The above pasuk, which is included in the second parsha (paragraph) of Shema, appears to reiterate what was stated earlier (first paragraph): V’sheenantam l’vanecha v’dibarta bam, “And you shall instruct your children about them and you shall discuss them” (Devarim 6:7). On the surface, the second pasuk does not seem to contain any supplement. Ramban explains that in the first pasuk (V’sheenantam l’vanecha), the focus is on v’dibarta; you shall speak. Your speech at home, in the presence of family, should be in Torah. In the second pasuk, the emphasis is on l’dabeir bam, they, the children shall speak to our children until they, too, will speak in Torah. The first pasuk centers on the father’s learning. The second pasuk enjoins in the manner in which we should teach our children, so that they, too, will discuss Torah at all times. The father must learn; the father must instruct his son to learn. As Horav Shlomo Wolbe, zl, notes, our objective is to create a situation in which our children will discuss Torah on their own. This is achieved when the father conveys Torah to his children with clarity and proper explanation. The father has the extraordinary opportunity and ability to assist his children in forging an enduring relationship with Hashem.
To a great extent, the degree of family harmony affects and determines a child’s learning – especially if he/she is to learn from his/her parents. Creating a proper environment for learning is a staple of any home. The relationship between parents promotes this healthy growth. Children cannot learn or grow in a home shattered by quarreling and abuse. No bad children exist – only incompetent parents and discordant families.

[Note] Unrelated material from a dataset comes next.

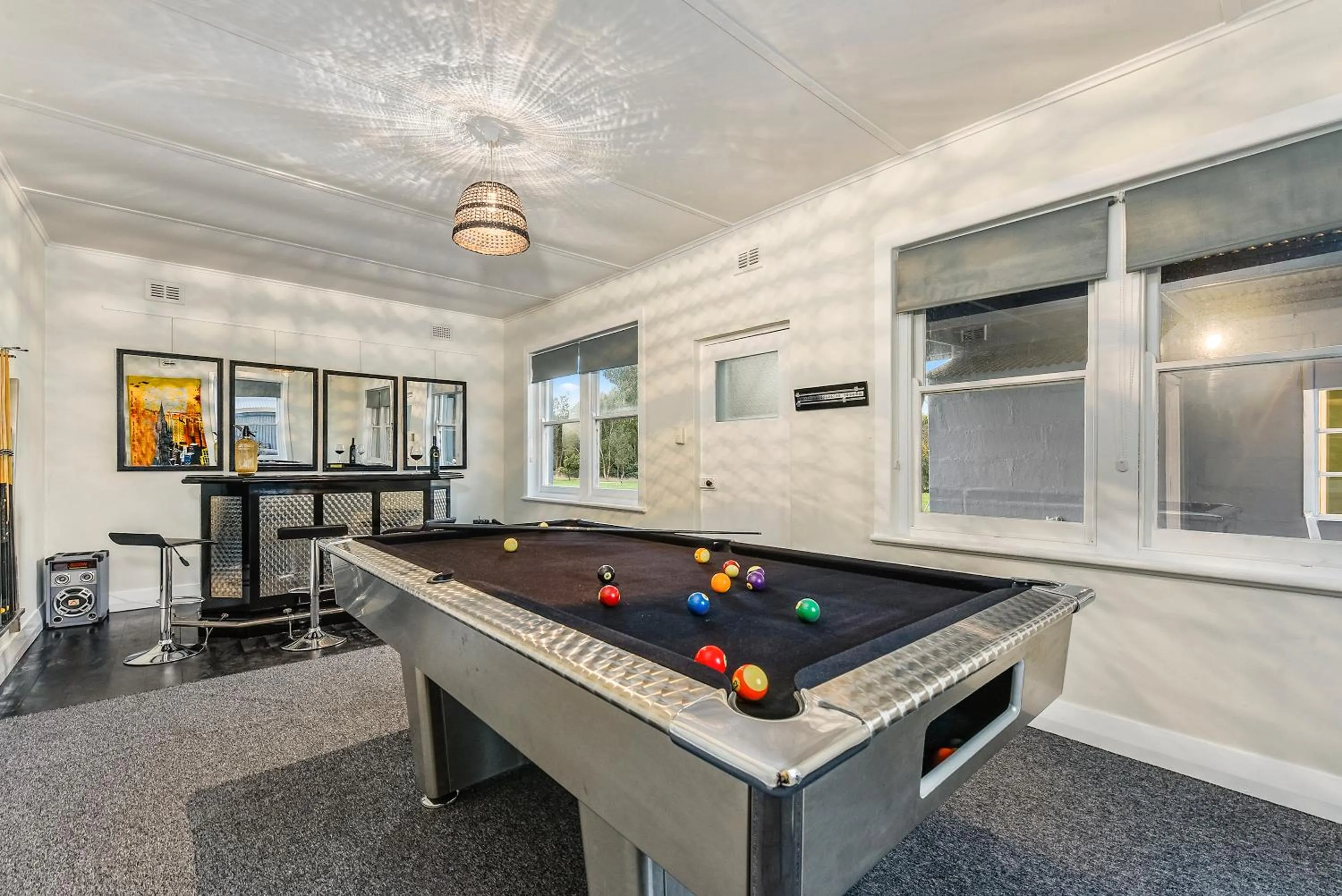 Billiard in The Jazz B&B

A chasid once came to Horav Yehoshua, zl, m’Belz, with the complaint that his sons have no cheishek, desire, to learn, even though he hired a melamed, special teacher/tutor, to learn with them. The Rebbe replied that if the Torah exhorted a father to learn with his sons, using the pasuk, V’sheenantam l’vanecha, it is an indication that it is within a father’s ability to teach his sons (or see to it that his sons learn). Hashem does not expect us to do what is beyond our ability. “Let me ask you,” the Rebbe countered. “Do you learn? Do you set aside time every day for Torah study?” The man began to hem and haw, offering any of a number of excuses for not learning. The Rebbe responded emphatically, “If your sons would see you learning every day, if they would see that you value Torah study, they, too, would learn. Since you do not learn, however, how can you expect them to have a desire to learn Torah?”
The Kotzker Rebbe, zl, was asked by a chasid whose son had just been bar mitzvah, what he should do to educate his son in the derech haTorah, in the Torah way, to grow up ethically, morally and spiritually correct. He responded “If you will act appropriately and follow in the ways of the tzadikim, righteous, your son will emulate you and grow up to be a source of nachas.”